Die streitfreudige Kendall (Francesca Eastwood) lebt nicht mehr. Als Mörder angeklagt, steht ihr Freund James (Gabriel Basso) vor Gericht. Justin (Nicholas Hoult), einer der Geschworenen, muss nach Vortrag des Sachverhalts davon ausgehen, dass er Kendall getötet hat.

Als Regisseur hat Clint Eastwood Arbeiten zu verschiedenen Genres geliefert. In seinen von diversen Institutionen vielfach mit Preisen ausgezeichneten Filmen stehen Verantwortungsbewusstsein, Gerechtigkeit wie Irrtum oft an erster Stelle (z.B. „Mystic River“, „American Sniper“, „Gran Torino“), so auch in „Juror #2“. Justin muss sich nicht selbst beschuldigen, aber darf er zulassen, dass James für eine nicht begangene Tat den Rest seines Lebens im Gefängnis verbringt?

Als sensibler, trockener Alkoholiker wird Justin treffend von Nicholas Hoult gespielt. Die geschickte Erzählstruktur verrät dem Publikum anhand der Miene des ethisch in die Ecke Gedrängten stets, was in seinem Kopf vorgeht, eingefangen in vielen Nahaufnahmen, die einen außergewöhnlich guten Schauspieler verlangen und bekommen. Anders als in dem Meisterwerk „Die zwölf Geschworenen“ (1957 von Sidney Lumet) ist Justin von der Unschuld des Angeklagten gänzlich überzeugt, im Gegensatz zu der schon bedrohlich gut verkörperten Staatsanwältin Faith (Toni Collette).

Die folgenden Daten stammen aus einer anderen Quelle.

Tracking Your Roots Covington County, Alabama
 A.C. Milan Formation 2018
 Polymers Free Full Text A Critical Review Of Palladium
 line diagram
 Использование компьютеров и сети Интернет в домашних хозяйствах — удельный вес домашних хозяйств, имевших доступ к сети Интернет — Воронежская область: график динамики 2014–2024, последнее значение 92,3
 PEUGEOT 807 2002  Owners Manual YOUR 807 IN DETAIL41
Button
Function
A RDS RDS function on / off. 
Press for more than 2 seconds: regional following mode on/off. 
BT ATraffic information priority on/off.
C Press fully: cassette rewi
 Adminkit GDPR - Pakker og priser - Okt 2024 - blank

Während dem inzwischen 94-jährigen kalifornischen Filmemacher die Umsetzung des moralischen Aspekts ganz hervorragend gelingt, schießt die Anprangerung des US-amerikanischen Rechtssystems über das Ziel hinaus. Zu offensichtlich weist er durch das stur despektierliche Gehabe von zehn der zwölf Geschworenen auf den Nachteil des Schwurgerichts hin. Zu offensichtlich zeigt Eastwood den gleichgültigen Umgang der Justizbeamten mit unterdurchschnittlichen Ermittlungsergebnissen; er möchte diesen Eindruck kraft einer extrem kurz inszenierten Beweisaufnahme in dem scheinbar klaren Fall sogar forcieren. Und zu offensichtlich wirkt diese Darstellung auf die Zeugen vor der Leinwand, da diese als allwissende Kenner der Handlung zum Kopfschütteln bzgl. der Prozessbeteiligten manipuliert werden. Ein unklarer Tathergang, wie ihn „Anatomie eines Falls“ (2023 von Justine Triet) aufweist, hätte hier hilfreich sein können.

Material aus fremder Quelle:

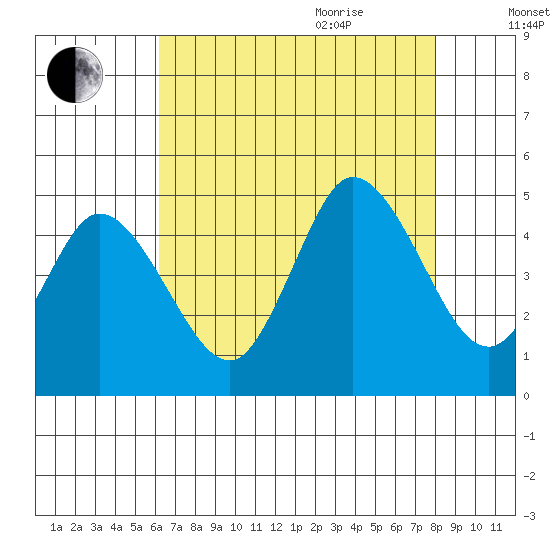 Mahon River entrance tide chart for Monday, August 12, 2024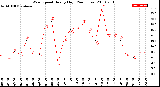 Milwaukee Weather Wind Speed<br>Hourly High<br>(24 Hours)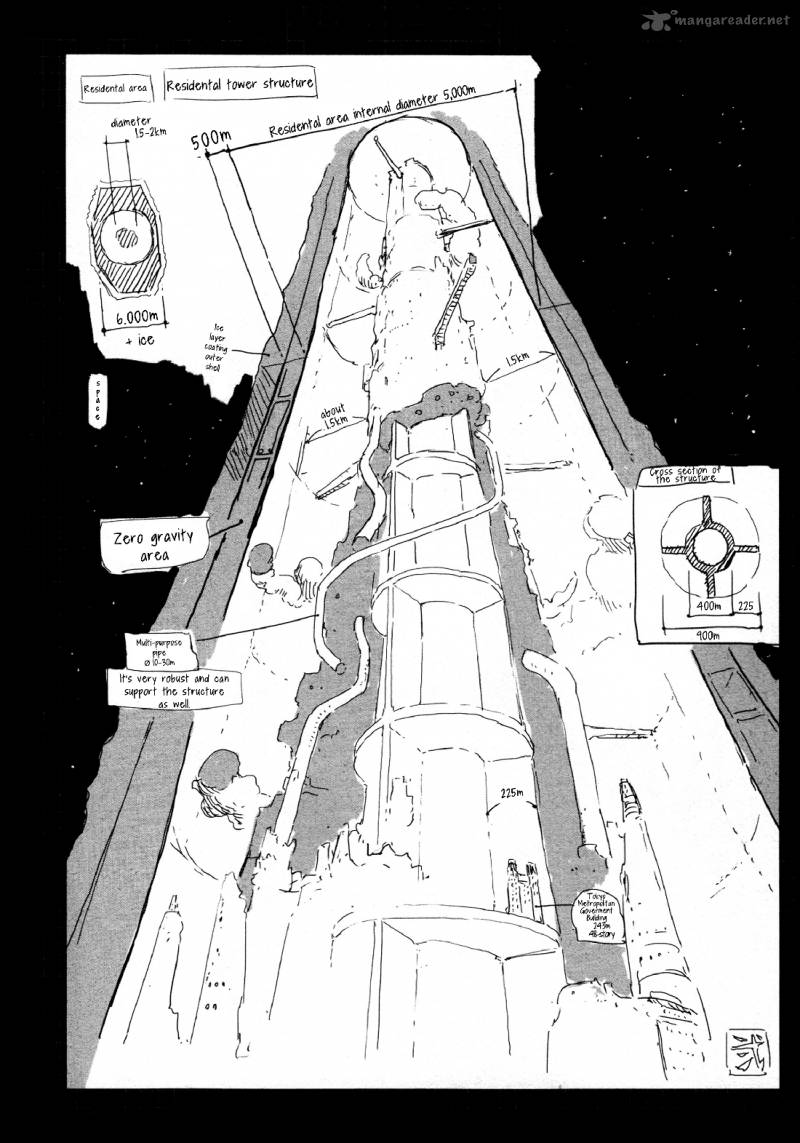 Knights Of Sidonia 50 34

Vor dem Gerichtsgebäude taumelt die Waage der Justitia im Wind. Die schwankende Zerrissenheit der Jury, speziell von Justin, erzeugt stets eine gewisse Spannung, die sich bis zur Verkündung des Urteils steigert. Danach ist der Film noch nicht vorbei.

„Juror #2“ wirft den Menschen in einer intensiven Inszenierung mangelnden Ethos vor. Einige der Figuren und mehrere Teile der Geschichte sind jedoch zu einfach geraten.